Use base-ten flats (the hundreds block) alongside rods (tens) and units (ones) to build three-digit numbers physically. Count up by tens to see 10 tens become one flat. Emphasize the pattern: ones → tens → hundreds all follow the same rule of grouping by tens.
You already know that our number system groups things by tens. In the tens and ones places, 10 ones become 1 ten. The hundreds place continues this exact same pattern one step further: 10 tens become 1 hundred. If you line up ten rods of ten (tens blocks) in a row, they form a flat square — that flat is worth 100.
When you see a three-digit number like 347, each digit tells you something different. The 3 is in the hundreds place, so it means 3 hundreds = 300. The 4 is in the tens place, meaning 4 tens = 40. The 7 is in the ones place, meaning 7 ones = 7. Add them up: 300 + 40 + 7 = 347. This is called expanded form, and it shows the value each digit contributes.
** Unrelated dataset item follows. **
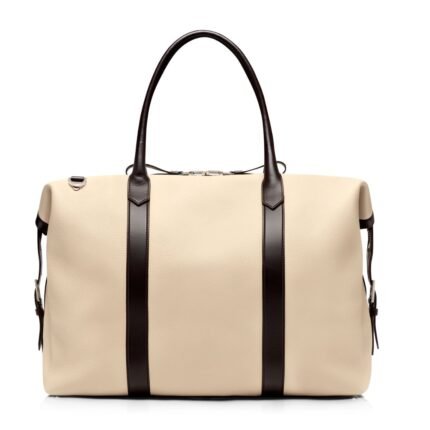 TOM FORD GRAIN LEATHER LEATHER BUCKLEY HOLDALL BROWN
Zero is an important character in three-digit numbers. In 307, the zero sits in the tens place as a placeholder — it means "there are no tens here." Without the zero, 307 would look like 37, which is a completely different number. The zero holds the place so the 3 stays in the hundreds spot and the 7 stays in the ones spot.
As you move on to larger numbers, this same pattern continues. The thousands place is ten times the hundreds place, just as the hundreds place is ten times the tens place. The whole system is built on a single repeating rule: group by tens, and each step left is ten times bigger.